The East Bank during construction

Sadlers Wells East holds its own in its corner position on Stratford Walk, with its ruddy brickwork, which links back to the area’s industrial heritage, giving it a handsome solidity. “We wanted the building to feel solid,” says O’Donnell.

 It seemed important that this building would have a different ethos, that it would have a different character

Sheila O’Donnell, Tuomey + O’Donnell

“It’s a civic building, and all buildings around it – most people probably approach from Westfield [from] very much commercial buildings, kind of steel frame and lots of glass. And it seemed important that this building would have a different ethos, that it would have a different character.” 

According to Tuomey, buildings have canopies for “the same reason that humans have eyebrows”, to allow for expression and protection, and Sadlers Wells’ saw-tooth roof does the job in adding some personality and variety to its form. “The three faces are all very different,” says O’Donnell. ”Each face has something to say.”
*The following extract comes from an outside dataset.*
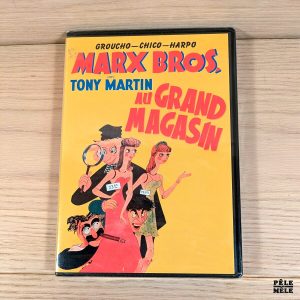 Les Marx au grand magasin (1941) - Charles Reisner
The opening weeks of Sadlers Wells East will give an early indication of how much demand there is for a grand new cultural district in east London. A lot is riding on it. Approximately 17,000 sq m of brownfield land has been used for its construction and £600m has been committed by Sadiq Khan. UAL and UCL East have already opened their campuses, and V&A East will open its facilities progressively between this May and spring 2026, before BBC Music Studios completes the set in early 2027.

Whether East Bank can transform the Olympic Park from an eerie-if-impressive theme park into a genuinely thriving cultural and sporting district remains to be seen. But, with their design for Sadlers Wells East, Tuomey and O’Donnell can feel content that they have played their part.